The research is focused on authentication in public open source projects used by commercial companies as a source for their internally maintained repositories. Rather than focusing on security purely through cryptography, it seeks to analyze users‘ perceptions and behavior on GitHub, the largest open source code platform. It attempts to bridge the gap between what is theoretically secure and what provides usable mechanisms for users to behave securely. Since it’s pointless to have a cryptographically secure system in which every user chooses the password “password,” users‘ behavior has consequences on the security of projects. GitHub accounts have been a target of malicious attackers, such as the 2022 Dropbox Hack, for quite some time. GitHub accounts are lucrative targets for gaining access to private repositories; however, attackers can also inject malicious code into public repositories through a trusted account, possibly with permissions in said repository.
How did you approach this problem?
There have been two main approaches: the first is through objective data, and the second is through subjective responses from GitHub users. For the objective approach, we have utilized the data collected by Project Aspen (Sandiego), a Red Hat Open Source Program Office (OSPO) project, built on the dataset generated from the Augur Project.

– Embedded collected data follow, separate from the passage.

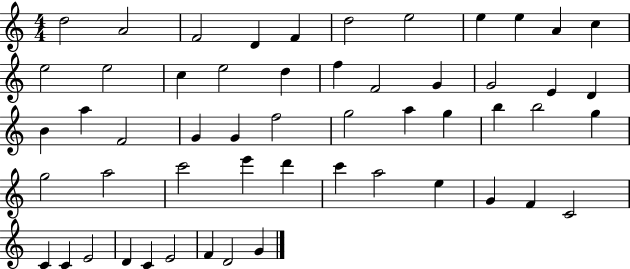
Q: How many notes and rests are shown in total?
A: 54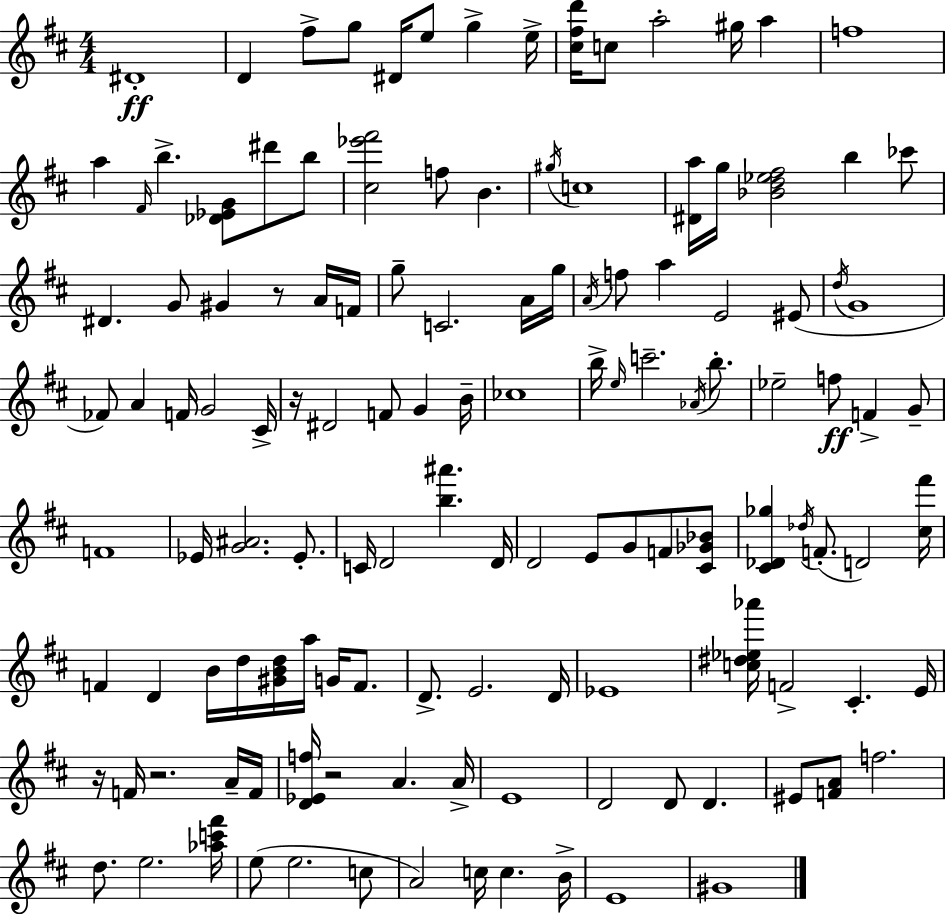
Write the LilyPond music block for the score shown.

{
  \clef treble
  \numericTimeSignature
  \time 4/4
  \key d \major
  dis'1-.\ff | d'4 fis''8-> g''8 dis'16 e''8 g''4-> e''16-> | <cis'' fis'' d'''>16 c''8 a''2-. gis''16 a''4 | f''1 | \break a''4 \grace { fis'16 } b''4.-> <des' ees' g'>8 dis'''8 b''8 | <cis'' ees''' fis'''>2 f''8 b'4. | \acciaccatura { gis''16 } c''1 | <dis' a''>16 g''16 <bes' d'' ees'' fis''>2 b''4 | \break ces'''8 dis'4. g'8 gis'4 r8 | a'16 f'16 g''8-- c'2. | a'16 g''16 \acciaccatura { a'16 } f''8 a''4 e'2 | eis'8( \acciaccatura { d''16 } g'1 | \break fes'8) a'4 f'16 g'2 | cis'16-> r16 dis'2 f'8 g'4 | b'16-- ces''1 | b''16-> \grace { e''16 } c'''2.-- | \break \acciaccatura { aes'16 } b''8.-. ees''2-- f''8\ff | f'4-> g'8-- f'1 | ees'16 <g' ais'>2. | ees'8.-. c'16 d'2 <b'' ais'''>4. | \break d'16 d'2 e'8 | g'8 f'8 <cis' ges' bes'>8 <cis' des' ges''>4 \acciaccatura { des''16 }( f'8.-. d'2) | <cis'' fis'''>16 f'4 d'4 b'16 | d''16 <gis' b' d''>16 a''16 g'16 f'8. d'8.-> e'2. | \break d'16 ees'1 | <c'' dis'' ees'' aes'''>16 f'2-> | cis'4.-. e'16 r16 f'16 r2. | a'16-- f'16 <d' ees' f''>16 r2 | \break a'4. a'16-> e'1 | d'2 d'8 | d'4. eis'8 <f' a'>8 f''2. | d''8. e''2. | \break <aes'' c''' fis'''>16 e''8( e''2. | c''8 a'2) c''16 | c''4. b'16-> e'1 | gis'1 | \break \bar "|."
}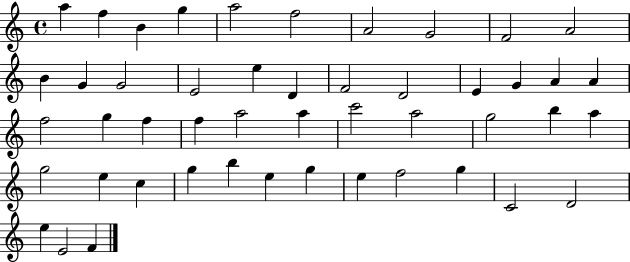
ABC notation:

X:1
T:Untitled
M:4/4
L:1/4
K:C
a f B g a2 f2 A2 G2 F2 A2 B G G2 E2 e D F2 D2 E G A A f2 g f f a2 a c'2 a2 g2 b a g2 e c g b e g e f2 g C2 D2 e E2 F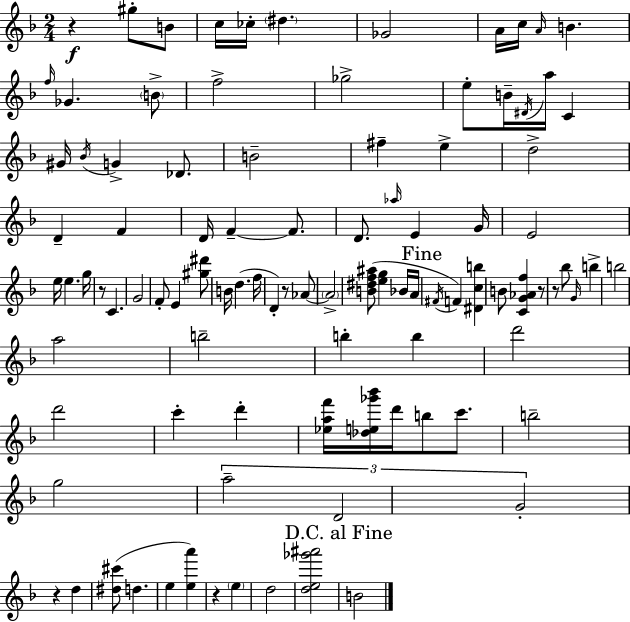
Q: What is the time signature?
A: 2/4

[Learn more about Project Aspen and the Augur Project in “Measuring open source success: developing analysis for actionable insights,” RHRQ 4:4, Feb. 2023.]
Since the dataset does not contain all GitHub projects, we decided to focus on Red Hat-affiliated projects, meaning either projects with contributors who have a Red Hat email or projects with Red Hat publicly listed as a company. While this approach did not allow us to analyze users’ perceptions or usage of authentication as such, it allowed us to analyze users’ behaviors and trends when contributing to open source projects.
Can you give us a sneak peek into the results?
I would love to. As mentioned, when it comes to the more objective approach, we utilized the Augur dataset, which at the time was at an earlier stage of development. At the prototyping stage, we mostly focused on visualizing trends in open source projects. Since we could only focus on publicly available information, we could not analyze the main objective, which is user authentication and security of open source projects. However, we could analyze other related information. For example, we have looked at the distribution of contributors within projects, which showed an exponential distribution.
Another example is the rate of pull requests (PRs) made by members (or the owner) of a project compared to nonmember contributors. The following graph shows the ratio of PRs made by members of the given project. We can see that there are a lot of projects with only member PRs, however there is a lot of variety. There are also some projects without any PRs made by project members. These, however, could also be projects that allow directly pushing commits to the project without making a pull request.
Can you give an example of what this might mean?
In the example of number of contributions per contributor in a project, a certain ratio could suggest that there might be people who have rights in the project but have only used them to contribute a few times. These accounts may have unnecessary rights, which could lead to a security breach. In the event of a compromised account, the project would be compromised as well.
In the second example, I don’t believe there is a clear interpretation of the data. It does, however, serve the purpose of giving insight into the behavior in a variety of projects. In the earlier stages of this research, gaining insight was the main goal.
You also mentioned a second approach: investigate developers’ attitudes. Could you elaborate on that?
Yes, the other approach was about users’ perceptions and behavior rather than objective statistics. We focused on GitHub as the platform of choice, as most developers are familiar with and have an account on GitHub. For that, we have conducted a survey of 110 participants at DevConf.CZ 2023, an in-person open source conference. Since the data gathering was conducted at DevConf, the study sample consisted of IT professionals, who have been shown to have a more significant impact than regular users. The survey was focused on two-factor authentication, which GitHub was about to start enforcing around that time. Users’ perception of this enforcement was mostly positive. One of the goals of the study was to find out how users’ perception affects their behavior and security-related decisions. A paper on the study is forthcoming at the 2024 TrustBus conference, so if you’re interested in more details, make sure to check it out.
How did you get to participate in this research?
I took part in the Competition for Talented Students organized by the Association of Industrial Partners at the Faculty of Informatics, Masaryk University. The competition allows students to participate in research projects throughout the university and with its industrial partners and to receive scholarships for their efforts. There were several possible tasks to solve, each tied to a position that first-year students had a chance to compete for. I wrote an essay on the importance of open source, since it has been my interest for a long time, and I have contributed to some open source projects. After the essay passed the first round, I had an interview with members of the CRoCS laboratory and we talked about research. I was chosen for the research position focused on authentication in open source projects. While the research topic itself was discovered by pure chance, it aligned with my interests and became a great fit.